In the twenty-first century, interest in secession has resurged, with various movements emerging across the political spectrum. Polls indicate that a notable percentage of Americans express support for peaceful secession, particularly after divisive political events. Prominent movements can be found in states like Texas, California, and Vermont, often driven by dissatisfaction with federal policies or ideological differences. Some groups advocate for self-determination based on cultural or economic grounds, while others are inspired by political ideologies such as libertarianism.

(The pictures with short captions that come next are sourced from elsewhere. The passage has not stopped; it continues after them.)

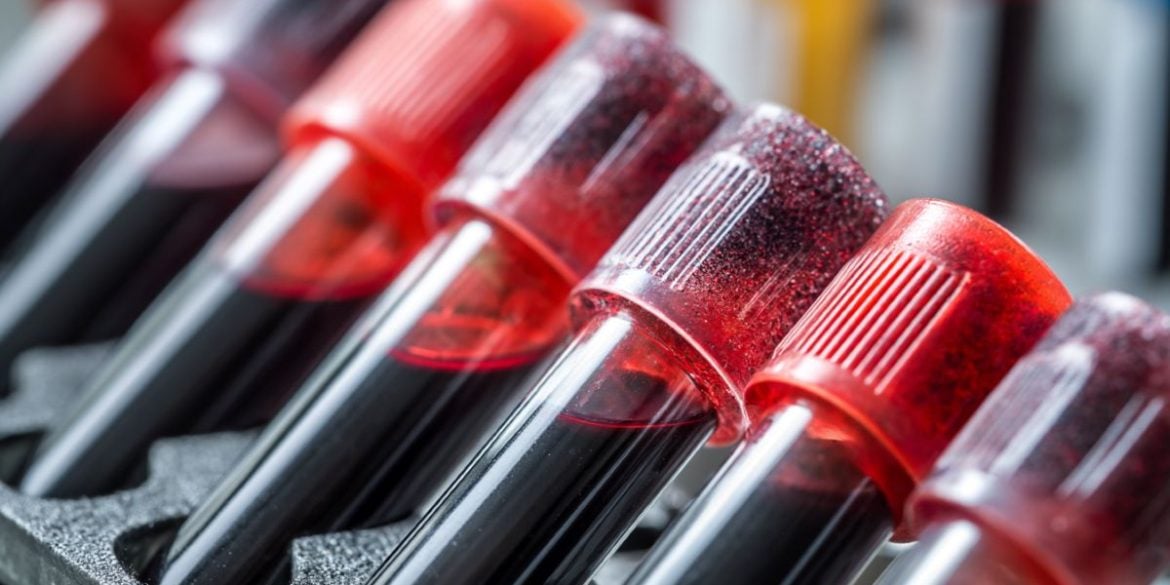 This shows blood vials.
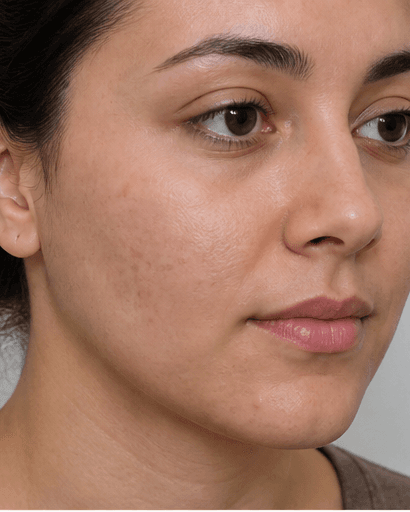 Hormonal Acne Assessment: after
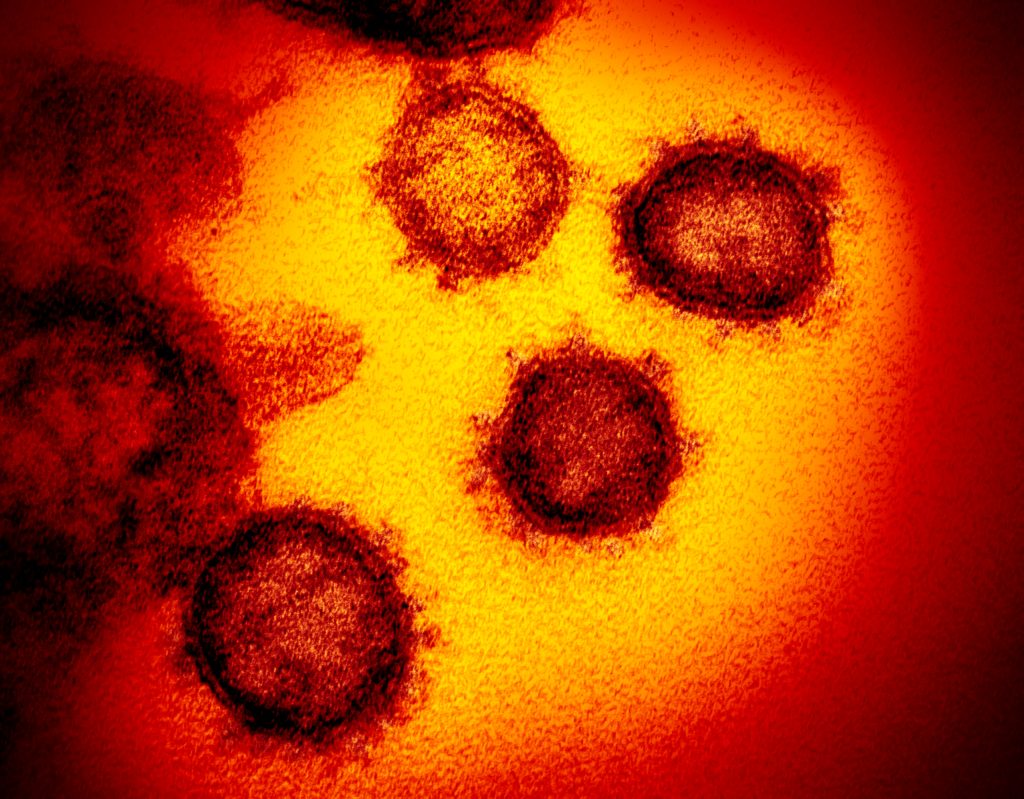 WHO experts say the coronavirus may never be defeated. (Photo: NIAID-RML via AP)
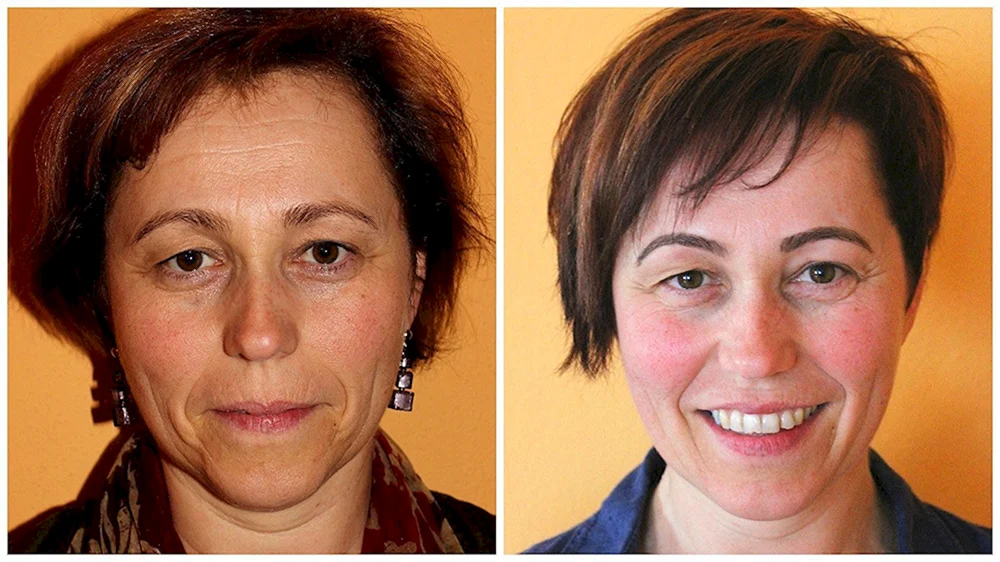 Lift. Augenbrauen-Botox vor und nach dem Foto
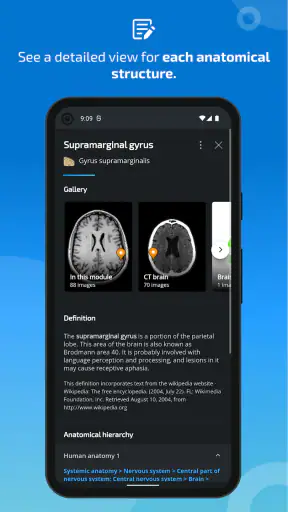 IMAIOS e-Anatomy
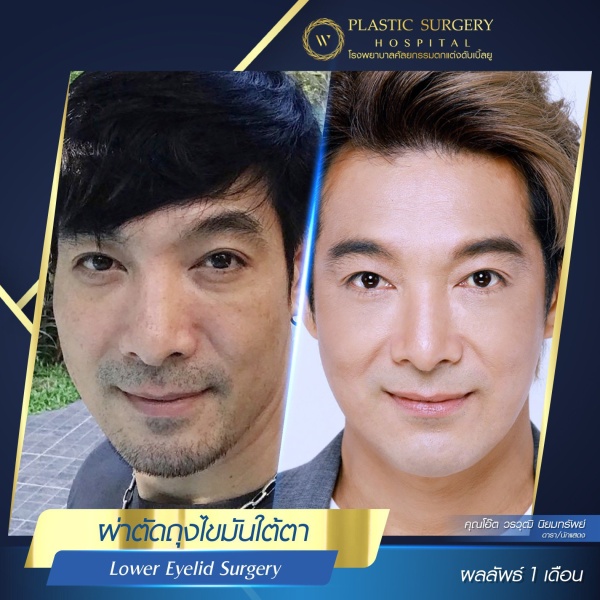 Lower Eyelid Surgery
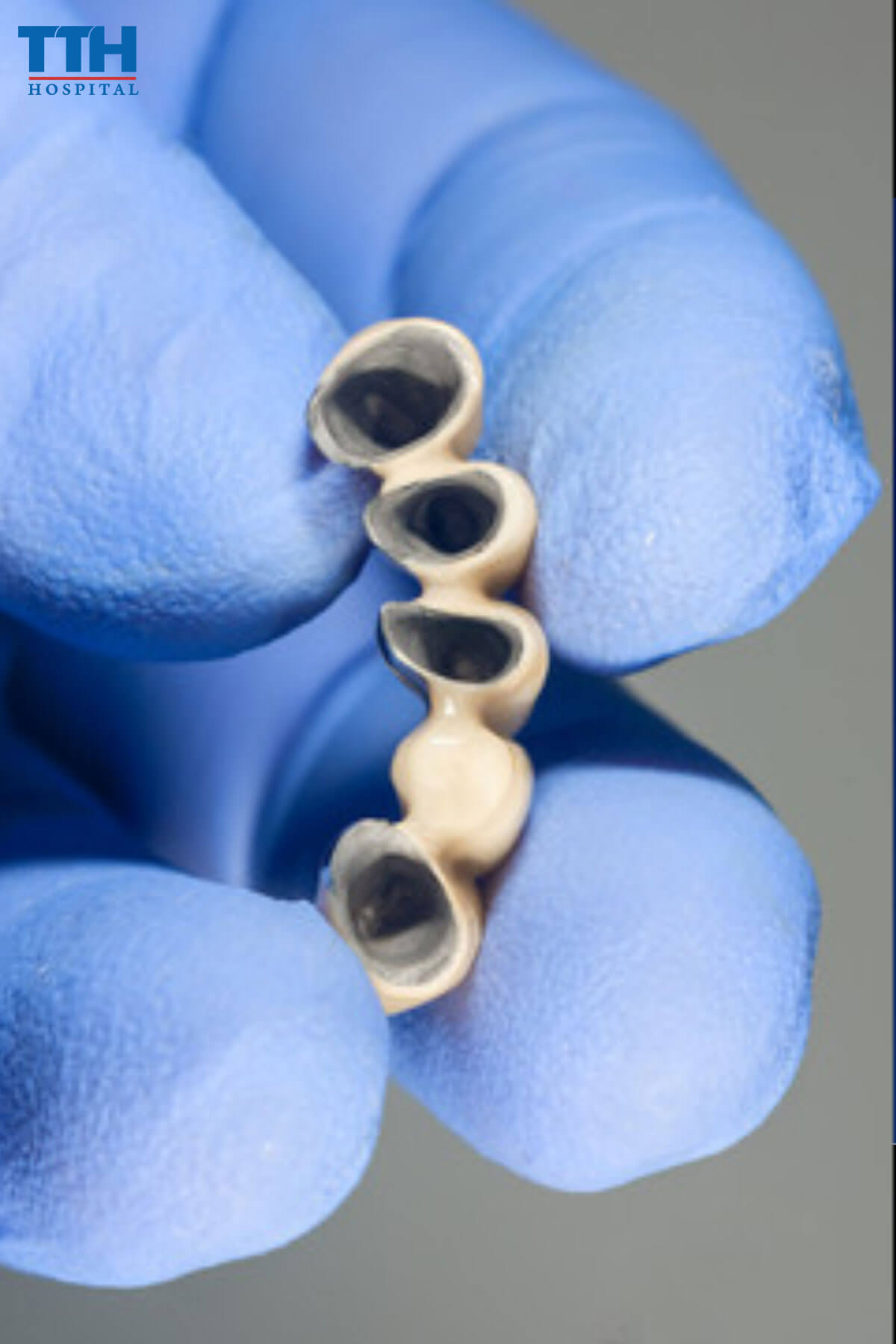 Răng sứ kim loại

These movements can take various forms, from petitions and grassroots organizing to proposals for new states, reflecting a desire for greater local autonomy or ideological alignment. Overall, American Secessionist Movements illustrate ongoing debates about governance, identity, and the limits of federal authority in the United States.
American Secessionist Movements
Secession has a long and controversial history in the United States because of its association with the Confederate States of America and the Civil War. Since the late twentieth century, however, interest in secession has increased both internationally and in the United States. Internationally, secession is the primary means by which new states are created. In the United States, in the early twenty-first century, there has been an increase in both counties wishing to secede from their states and states wishing to secede from the United States for political, economic, ideological, and sociocultural reasons. A 2014 Reuters poll found that 24 percent of respondents nationwide were in favor of the peaceful secession of their state from the United States. Prominent secessionist movements cut across the political spectrum and include movements in Alaska, California, Texas, Vermont, and the Pacific Northwest.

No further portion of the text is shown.